Sa meilleure amie le vrilla de son regard brun.
-J'ai créé une liaison entre ces deux cheminées, lui dit-elle. Je ne sais pas si tu y survivras mais …
Harry ne fut même pas surpris. C'était tout à fait le style d'Hermione.
-Ça vaut mieux que ce qui m'attends si on reste ! décida-t-il. Il prit le temps de sourire à sa meilleure amie. Tu t'occuperas de lui ?
Elle le regarda intensément, avec un grand sérieux, une vraie solennité. Puis elle lâcha :
-Évidemment.
-Je le savais. Ok, on arrive.
Il fit un mouvement en arrière, rompant la connexion et se retrouvant de nouveau tout entier dans la bibliothèque glaciale des Malfoy.
-Draco ! beugla-t-il. Draco, viens !
Il entendit les pas de l'autre homme monter les escaliers quatre à quatre.
Draco apparut finalement à l'entrée de la pièce. Il était livide. Sa baguette brandit devant lui diffusait un puissant halo de couleur bleue. Un Protego. Draco avait dû sentir les défenses magiques du manoir s'effondrer. Elles n'avaient vraiment pas tenu longtemps …
Harry lui sourit pour le rassurer.
-Hermione a ouvert une liaison pour la rejoindre ! Elle va la refermer derrière nous ensuite !
Draco écarquilla les yeux mais le rejoignit devant l'âtre.
-Toi d'abord, dit-il en lui désignant sa baguette du regard.
Harry le voyait venir à 1000 kilomètres … S'était-il mis en tête de rester ici pour protéger coute que coute sa demeure ?
-Vas-y, s'énerva Draco, tu penses vraiment que j'ai la moindre envie de rester ici ?! Vas-y bordel, Harry, je serai juste derrière toi.
-Non, non, trancha Harry.
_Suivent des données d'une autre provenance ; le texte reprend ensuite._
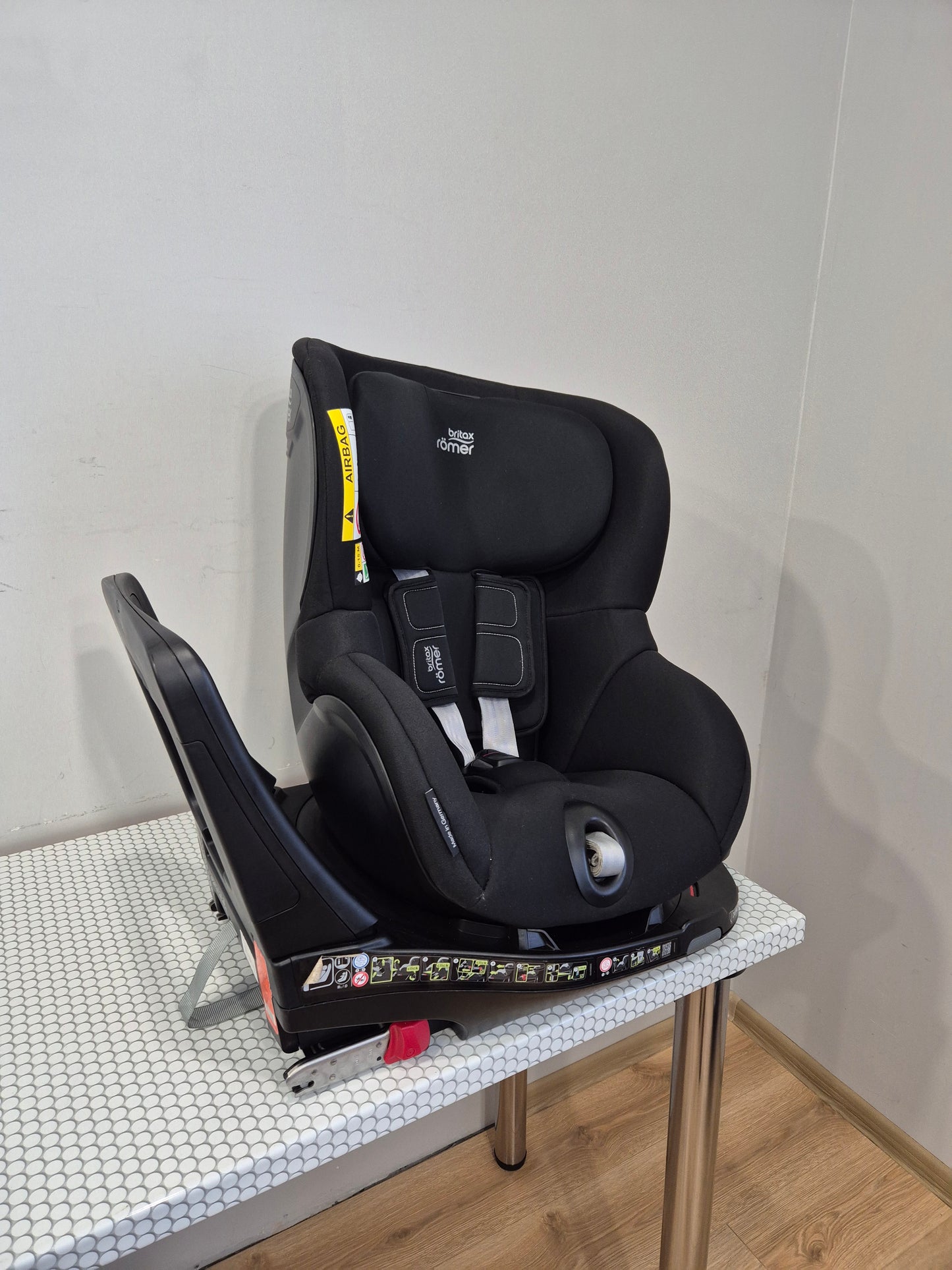 Britax Romer DualFix M i-Size 0-18kg.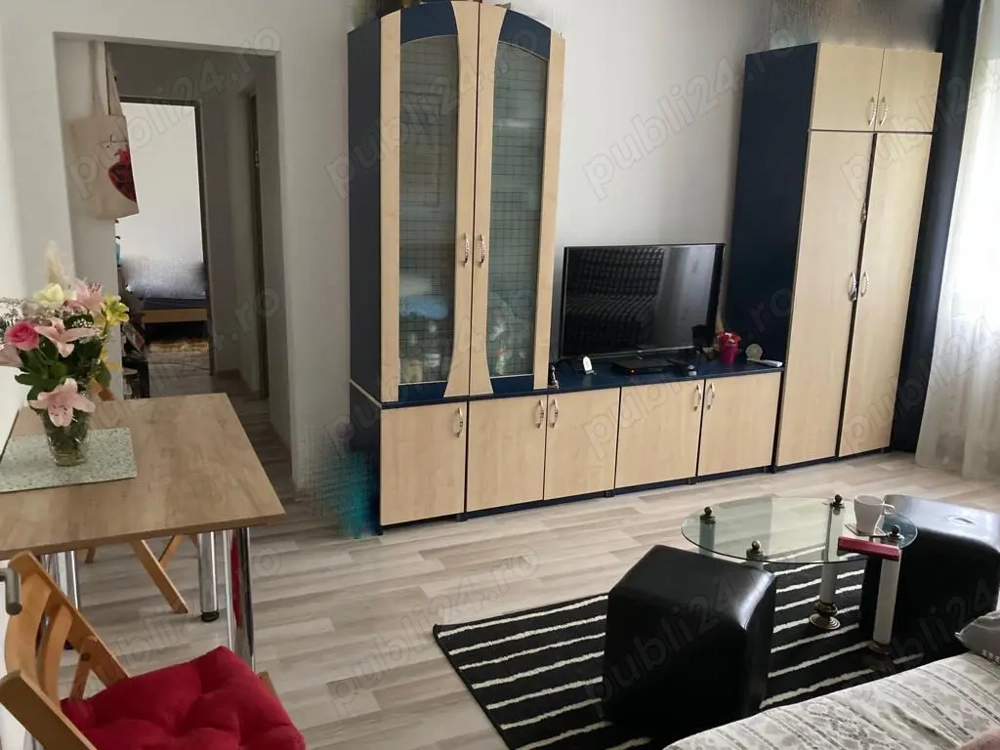 Zona Dacia, apartament 3 camere, semidecomandat, etaj 3 din 4, chirie 350 euro pe luna 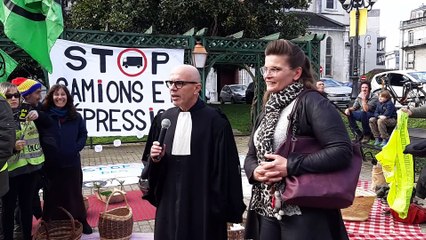 Poursuivie pour avoir bloqué les camions en vallée d'Aspe, son procès est reporté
Ensemble.
-Oh bon sang de bonsoir ! éructa Draco mais il s'exécuta.
L'âtre était suffisamment large pour qu'ils puissent y tenir tous les deux. Draco tenait désormais à deux mains sa baguette. Son corps entier tressaillait, visiblement sous le feu nourri de dizaine d'attaques. Harry passa un bras autour de sa taille, répéta la destination de la cheminée d'Hermione et … ils furent avalés par des flammes bleues.